I am posting this in General to avoid "stepping on toes" and creating invalid post count on this thread. If a mod deems it moved, so be it.

I have been debating announcing AllegianceOS (AOS for short) here as it is likely to be rather controversial.. but at the end of the day; it certainly won't be the first controversial topic to hit these forums.

To start, a basic description:

AOS is currently a 64-bit, multilib-enabled distribution based on Slackware64 -current. It attempts to offer users with more options for out-of-the-box desktop configurations, easier initial software installs, etc. A graphical post-install setup wizard is provided to facilitate the easy creation of user accounts and install basic apps you might need. The system automatically boots to X (init 4) and runs the lightdm login manager. A graphical software manager and package installer have been added, but as AOS is in Beta stages, these programs are in their infancy and need serious bug testing.

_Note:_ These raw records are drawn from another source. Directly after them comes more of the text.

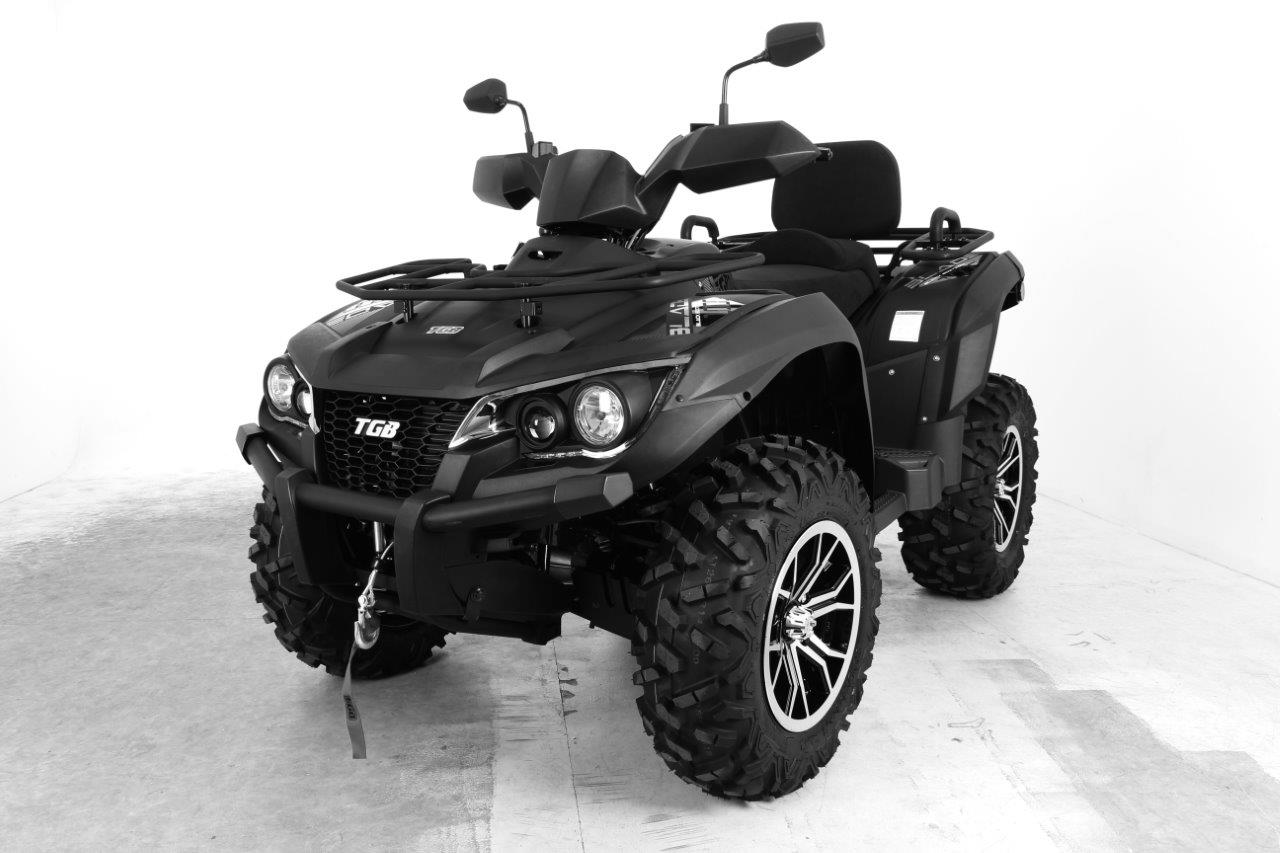 Neues vierradgetriebenes Geländefahrzeug (ATV), mit einer Seilwinde und einem flüssigkeitsgekühlten 997 ccm Hubkolbenverbrennungsmotor mit Fremdzündung ausgestattet. 
Das Fahrzeug weist folgende Merkmale auf:
— eine Lenkstange mit zwei Griffen, an der die Kontrolleinrichtungen für die Steuerung des Fahrzeugs montiert sind; die Lenkung wird durch Drehen der zwei Vorderräder bewirkt und beruht auf einem Kraftwagenlenksystem (Ackermann-Prinzip); 
— Bremssysteme an allen Rädern; 
— ein Automatikgetriebe und einen Rückwärtsgang; 
— einen Motor, der speziell für die Benutzung in schwer zugänglichem Gelände entwickelt ist und bei niedriger Drehzahl eine ausreichende Zugkraft für angehängte Gerätschaften liefert; 
— die Kraft wird über Wellen auf die Räder übertragen und nicht mittels einer Kette; 
— die Reifen haben ein tiefes Profil, das für unbefestigtes Gelände geeignet ist; 
— eine Ankupplungsvorrichtung beliebiger Art, z. B. einen Anhängehaken, mit der das Fahrzeug mindestens das Zweifache seines Eigengewichts ziehen oder schieben kann; 
— eine Anhängelast (nicht gebremst) von mindestens dem Zweifachen seines Eigengewichts.
Das Fahrzeug dient zur Verrichtung von Arbeiten im unwegsamen Gelände, kann aber auch zum Ziehen oder Schieben anderer Fahrzeuge, Geräte oder Lasten verwendet werden und ist zur Verwendung als Forstschlepper oder Ackerschlepper bestimmt.
(Angaben laut Antragsteller)
(Abbildung siehe Anlage)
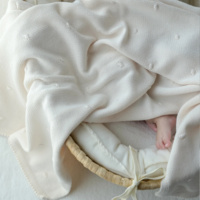 Couverture en tricot doux pour bébé Couverture en coton biologique blanc à pois pour nouveau-né Jeté confortable pour berceau ou poussette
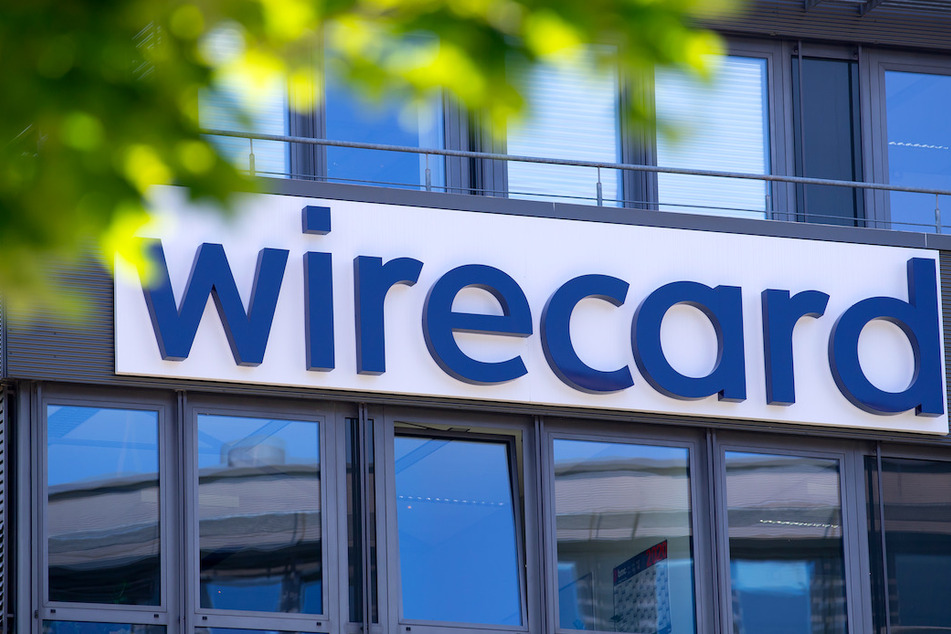 Der Schriftzug von Wirecard ist an der Firmenzentrale des Zahlungsdienstleisters in Aschheim zu sehen.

There are a few things I'd like to make clear:
  1. AOS is a subset of Slackware, not the same as Slackware itself.
  2. AOS is not supported or endorsed by anyone in/from Slackware.
  3. The multilib capability is thanks to AlienBob's packages.
  4. All base packages and kernels come directly from 'upstream' Slackware.
  5. Patrick Volkerding may be thanked for anything that works, and any bugs should be directed to me.
  6. I have pledged 10% of any/all earnings AOS may collect in the future to the Slackware project/Patrick Volkerding himself.
  7. Patrick and the core Slackware developers have been notified of this project in advance of this posting, but (so far) have not responded. AOS is thus not affiliated in any official way to any of them - do not hold them responsible for any problems found in AOS!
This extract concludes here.